Saisie de la question, l’Autorité de la concurrence a, le 12 juillet 2021 ([5]), infligé à Google une sanction de 500 millions d’euros pour avoir méconnu plusieurs injonctions prononcées dans le cadre de sa décision de mesures conservatoires d’avril 2020 ([6]). L’Autorité avait alors estimé que les pratiques de Google à l’occasion de l’entrée en vigueur de la loi étaient susceptibles de constituer un abus de position dominante, et portaient une atteinte grave et immédiate au secteur de la presse.

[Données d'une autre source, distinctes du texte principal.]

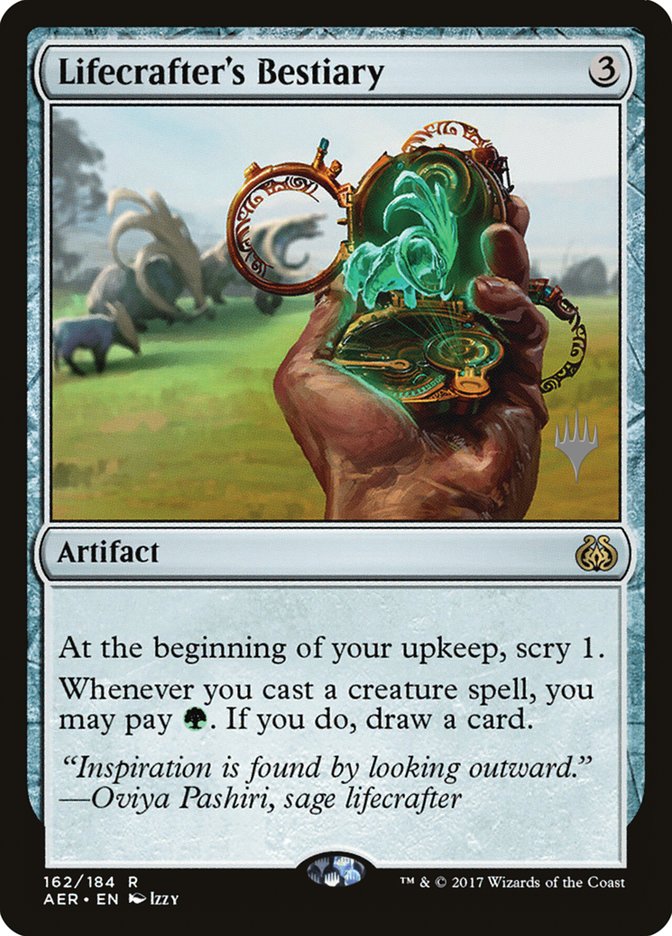 Lifecrafter's Bestiary (Promo Pack) [Aether Revolt Promos] | Exor Games Dartmouth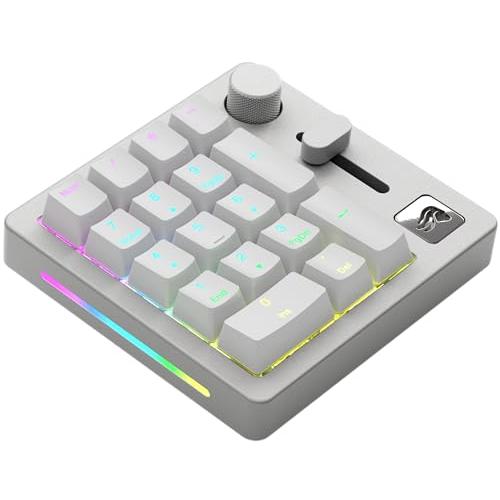 Glorious GMMK Numpad Prebuilt - White Ice ワイヤレスメカニカル
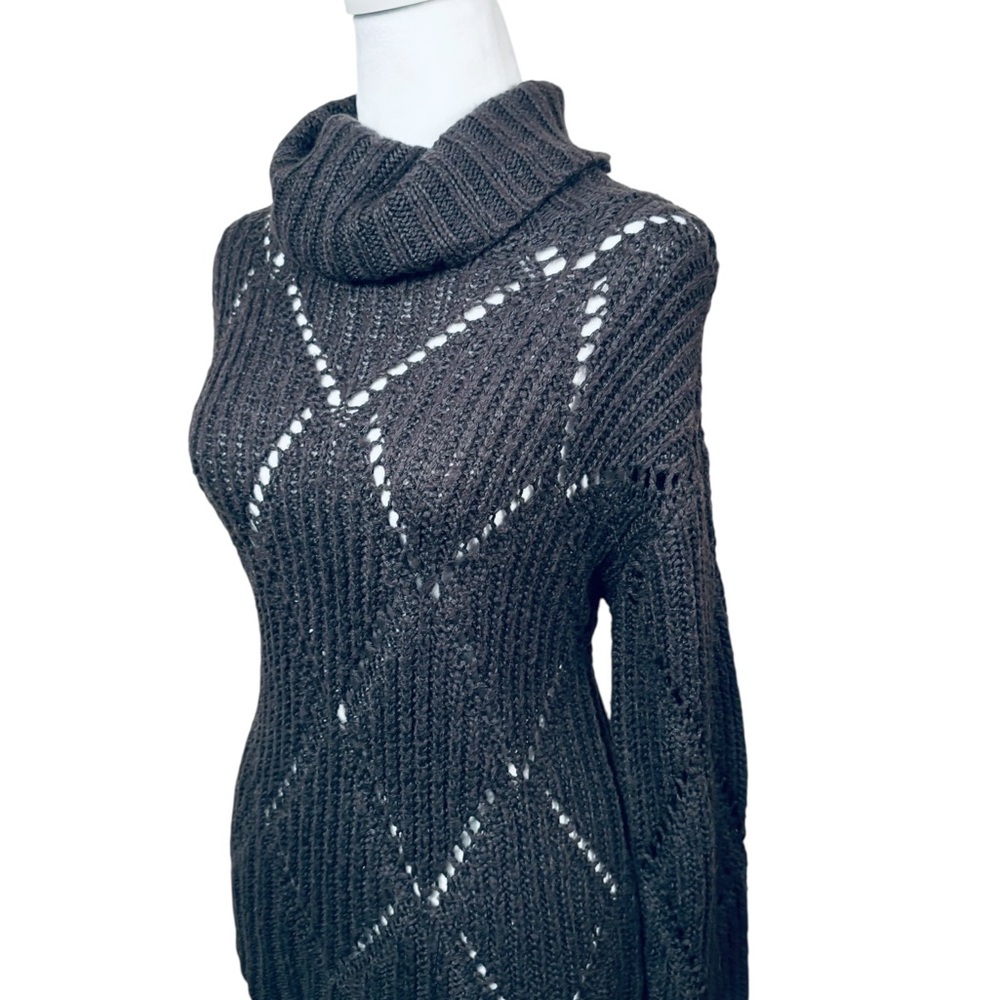 Femme by Design Y2K knit Brownish/grey Turtleneck Sweater - Picture 3 of 8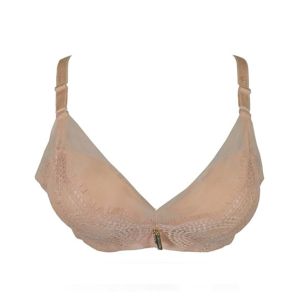 Purple Bag Fancy Double Padded Wireless Pushup Bra For Women (0005)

Les agences et les éditeurs de presse qui négociaient en ordre dispersé n’avaient jusqu’à récemment pas fait usage de la possibilité de créer un organisme de gestion collective (OGC) de leurs droits. C’est chose faite avec la création de la Société des droits voisins de la presse en octobre 2021 mais cet OGC n’est pas encore parvenu à fédérer l’ensemble de la presse française. De ce fait, le rapport de négociation demeure asymétrique. Dans l’immédiat, il se heurte également à l’asymétrie de l’information relative à l’assiette de la rémunération à laquelle ses adhérents ont droit. Sans ces données, il est impossible de faire le lien entre l’utilisation de contenus protégés, les revenus que les plateformes en tirent, et une proposition financière. L’opacité empêche la négociation libre et éclairée des éditeurs et agences de presse dans l’évaluation de la rémunération qui leur est due.

Les 10 propositions formulées en troisième partie du présent rapport ont vocation à mettre fin à cette double asymétrie d’information et de négociation afin d’aboutir à des accords totalement transparents, enfin équitables et volontairement collectifs ([7]).

Votre rapporteur tient ici à rappeler que le droit voisin est un droit, il n’est ni le résultat d’un accord commercial, ni une faveur rendue à un secteur en souffrance. La rémunération des contenus utilisés doit être à la hauteur du travail des auteurs et des investissements des entreprises de presse. Protéger les entreprises de presse, c’est protéger le travail journalistique pour une presse libre, indépendante et pluraliste.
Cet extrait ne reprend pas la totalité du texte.